Btw, have you gotten anything in the mail lately?
Kelladyjoust on September 7th, 2004 04:50 pm (UTC)
Ash, my love... I JUST got it because it got buried on my dining room table, and was unearthed when my sainted husband was cleaning today!!!!

:::::SQUISH!!!!:::: You are lovely, dear, and thank you for thinking of me.

And you know I want you to hop the next plane up. ::stamps foot impatiently::
Stealth Chaos Butterfly: brilliant // beyond wordsbunnymcfoo on September 7th, 2004 03:13 pm (UTC)
*grumbles fondly*

I wanna know what your Ball and Caviar verses were. =P In particular, I wanna know if Nick ever got his.

Oh, and I wish I'd been there! RAWR!!

*sends you tubs of arnica*
Kelladyjoust on September 7th, 2004 04:52 pm (UTC)
If I can remember what on earth they were, I'll send you the verses, or even just post them here.

Alysha wrote a verse for Nick. It wasn't particularly memorable, but it made him so veryvery happy!!! Oh, and my Ball verse for the jousters included him - in fact, I draped myself over the lads and he had to hold my leg up against him. ::teehee::

That verse I shall give you know. Once again, you'll know just what words deserve a wee bit more weight:
"I am a lady jouster,
I am neither mild nor meek.
I get off almost every day
'cause I work four knights a week."
Stealth Chaos Butterflybunnymcfoo on September 7th, 2004 10:58 pm (UTC)
Kelly, you're my frelling idol, you know that?

I am so amused, and I can hear you singing that in my head. ^_^
Kelladyjoust on September 8th, 2004 06:42 pm (UTC)
::squishes her shiny foo::

thank you, sweetling! I was really proud of that one; the b'ys loved it, too.
Jobs, baby, Jobs!picoland on September 7th, 2004 06:03 pm (UTC)
you're hardcore.....
I dig that.

gotta watch father of the pride MAre's pulling me away...

Kendallmilfsrus on September 8th, 2004 06:56 am (UTC)
I'm Giggling cause I got to lick Maid Marion. I had planned that since Saturday. Thinking that it would be the ultimate ick. And your response was great! Hmmmmm maybe now I know why Killmore doesn't like Marion. Jilted maybe!

By the by I also have an 800 mg Advil that has your name on it if you need.

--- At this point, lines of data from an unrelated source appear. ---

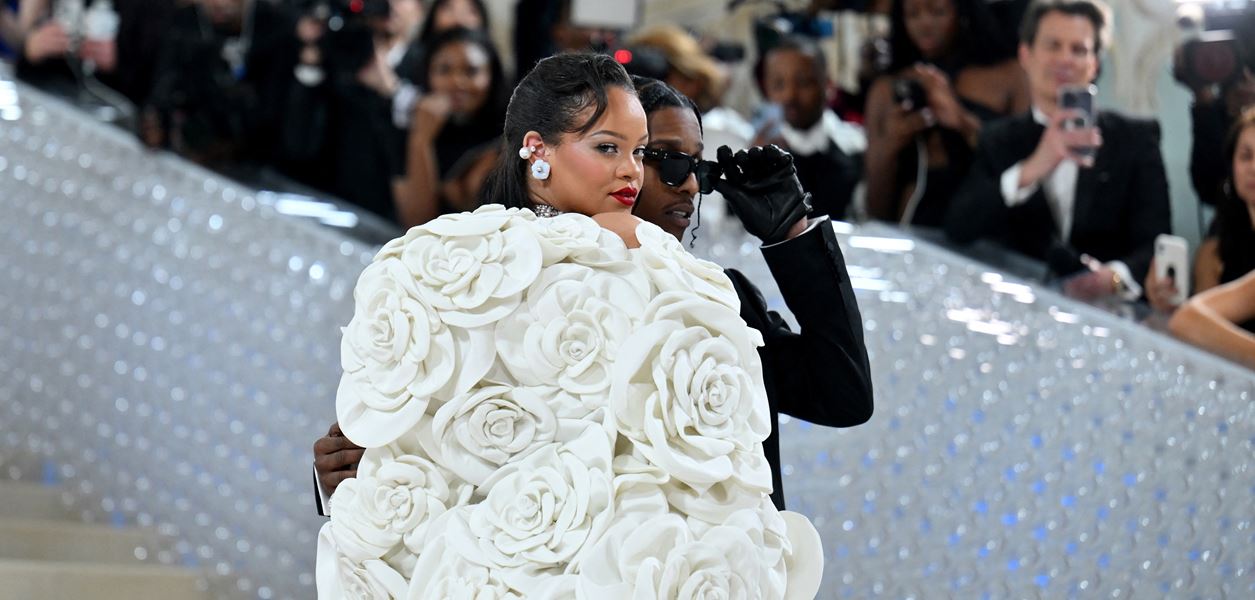 Всички звезди, които минаха по червения килим на Met Gala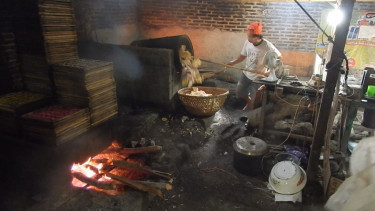 Digoreng Pakai Pasir, Kerupuk Useg Kendal Tak Lekang Ditelan Minyak Mahal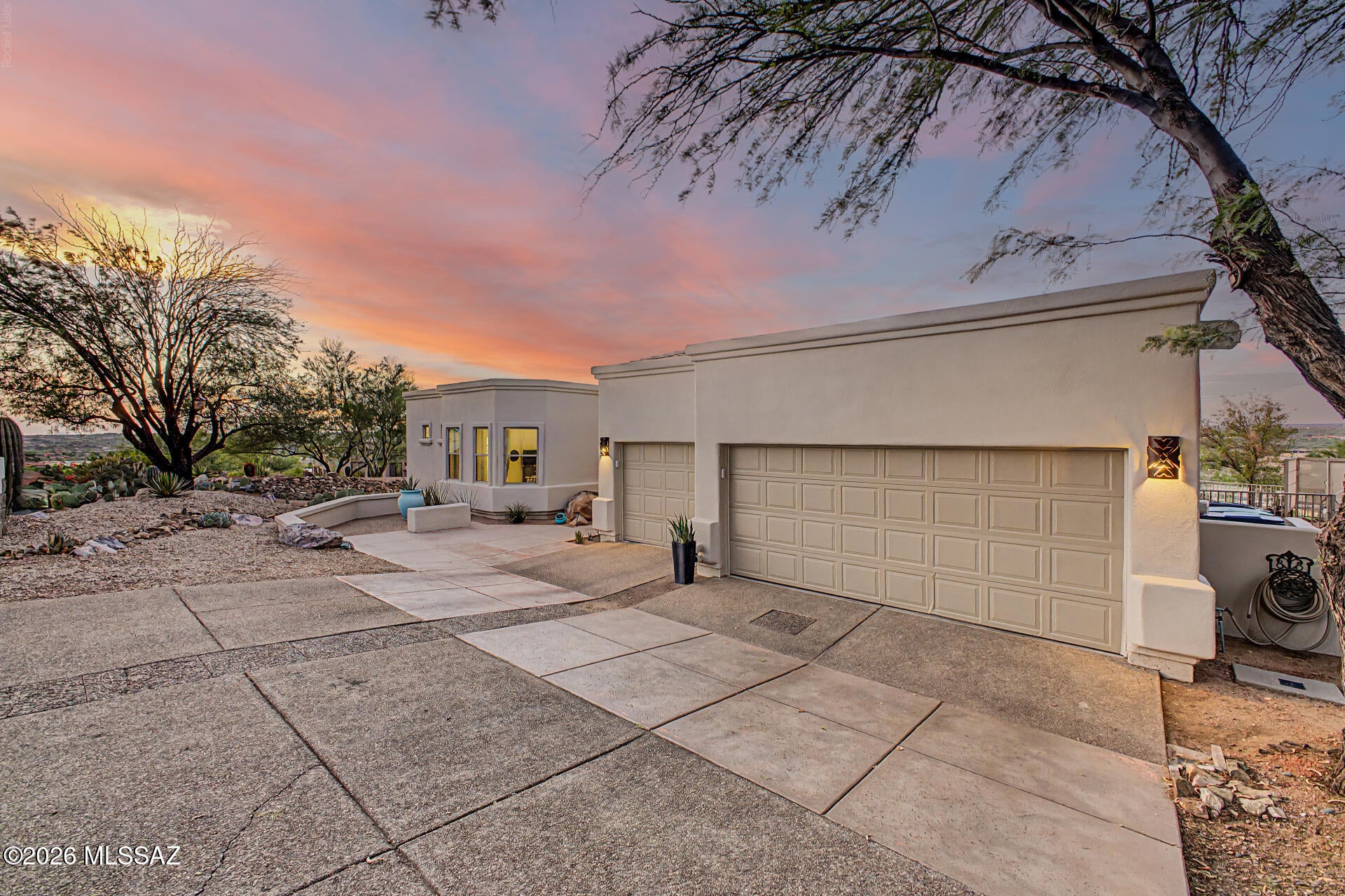 La Reserve (1-24) - Residential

Jaredcrimsontom on September 8th, 2004 09:12 am (UTC)
And now I understand the "She tastes good!" comment from the chess board! HA!
kelleymck on September 8th, 2004 10:13 am (UTC)
you yelling at Lewis after getting stepped on was possibly THE most bad ass thing I have ever witnessed
ptimonyptimony on September 8th, 2004 02:28 pm (UTC)
Kelly, whenever I get injured at Faire, I like to think, "The jousters will be so proud of me!"

Kelladyjoust on September 8th, 2004 02:30 pm (UTC)
Kelladyjoust on September 8th, 2004 06:43 pm (UTC)
And you have to know how happy it makes me to hear you say that!!!!